Replication of CLU, CR1, and PICALM associations with alzheimer disease

Abstract

Objective: To test for replication of the association between variants in the CLU, CR1, and PICALM genes with Alzheimer disease.

Design: Follow-up case-control association study.

Setting: The Mayo Clinics at Jacksonville, Florida, and Rochester, Minnesota.

Participants: Community-based patients of European descent with late-onset Alzheimer disease (LOAD) and controls without dementia who were seen at the Mayo clinics, and autopsy-confirmed cases and controls whose pathology was evaluated at the Mayo Clinic in Jacksonville. Additional samples were obtained from the National Cell Repository for Alzheimer Disease (NCRAD). A total of 1829 LOAD cases and 2576 controls were analyzed.
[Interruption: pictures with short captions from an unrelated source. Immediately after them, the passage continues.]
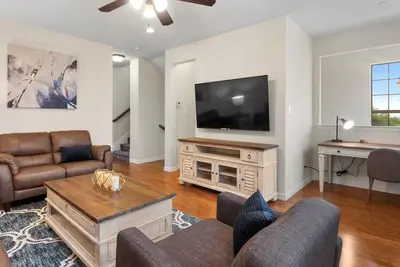 Image de Rare 3 Story Townhouse with Private Yard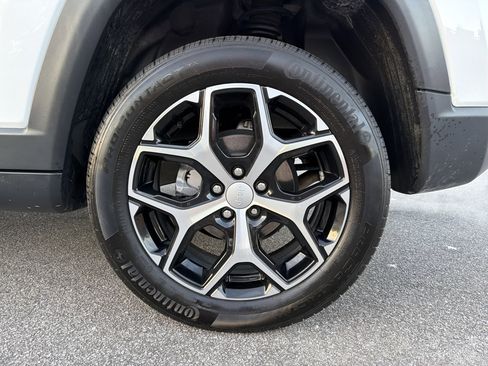 Used 2024 Jeep Compass Limited w/ Sun and Sound Group image 20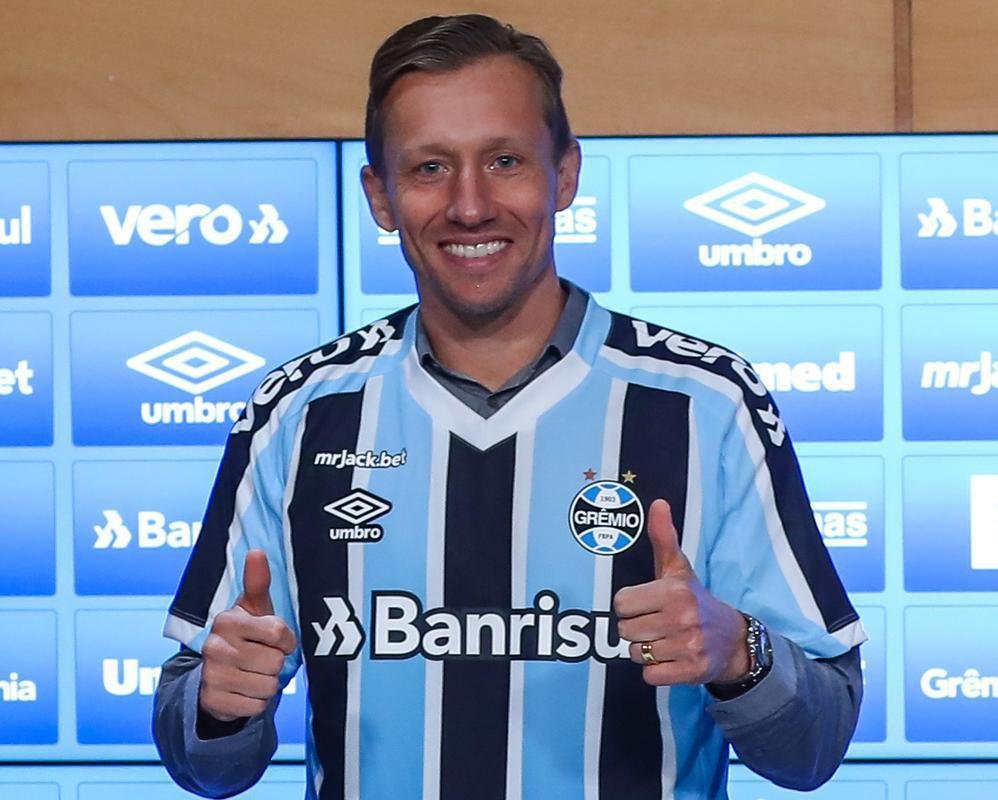 Lucas Leiva, meio-campista (Grmio)
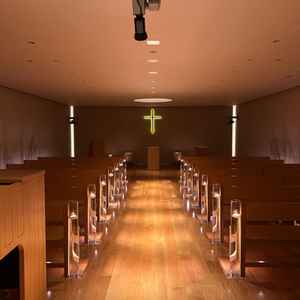 シンプルなチャペル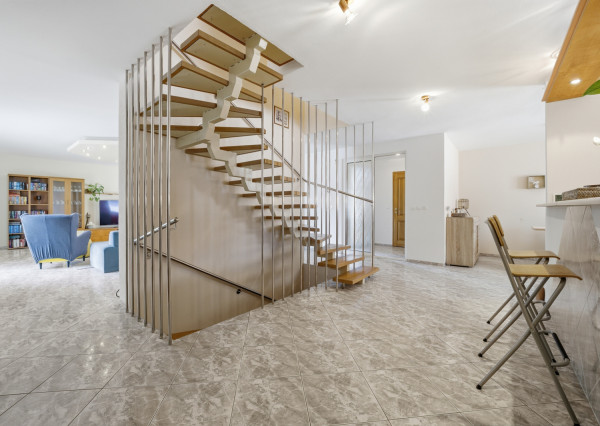 Na predaj samostatne stojaci 7-izbový rodinný dom v obci Jablonové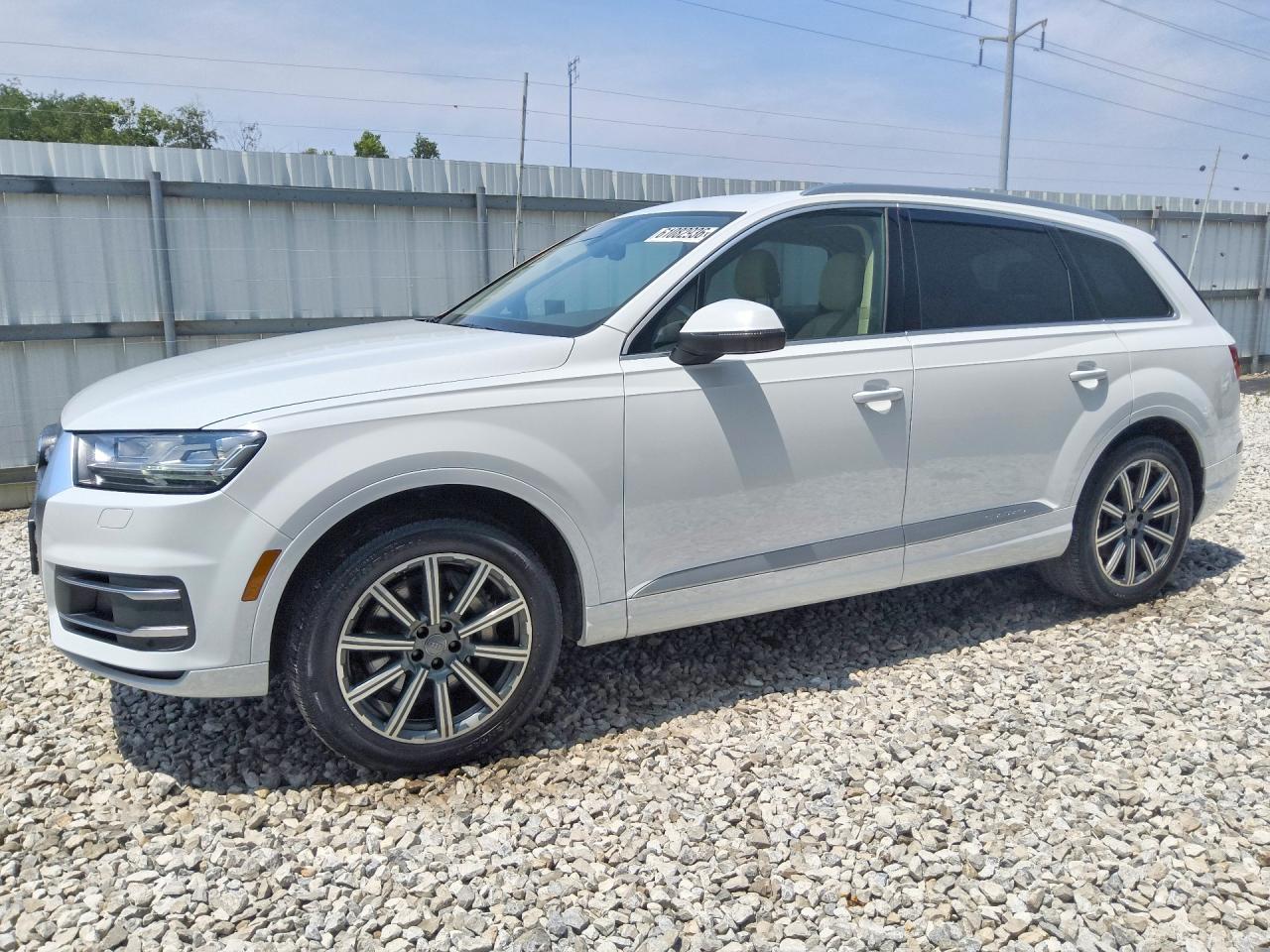 2019 Audi Q7 Premium Plus, VIN WA1LHAF71KD026709 — Мелкие вмятины и царапины
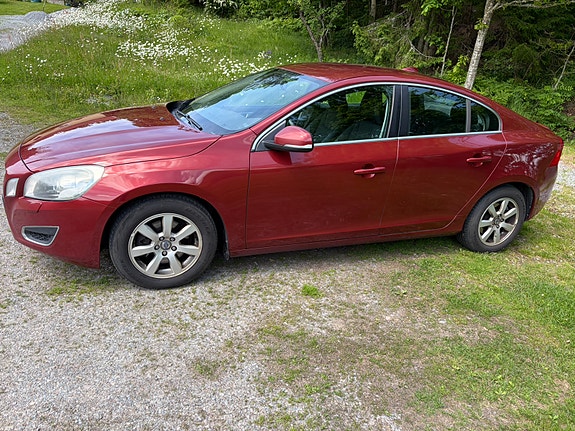 Volvo S60 2 of 12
Interventions: The most significant single-nucleotide polymorphisms in CLU (rs11136000), CR1 (rs3818361), and PICALM (rs3851179) were tested for allelic association with LOAD. Main Outcome Measure Clinical or pathology-confirmed diagnosis of LOAD.

Results: Odds ratios for CLU, CR1, and PICALM were 0.82, 1.15, and 0.80, respectively, comparable in direction and magnitude with those originally reported. P values were 8.6 x 10(-5), .014, and 1.3 x 10(-5), respectively; they remain significant even after Bonferroni correction for the 3 single-nucleotide polymorphisms tested.

Conclusion: These results show near-perfect replication and provide the first additional evidence that CLU, CR1, and PICALM are associated with the risk of LOAD.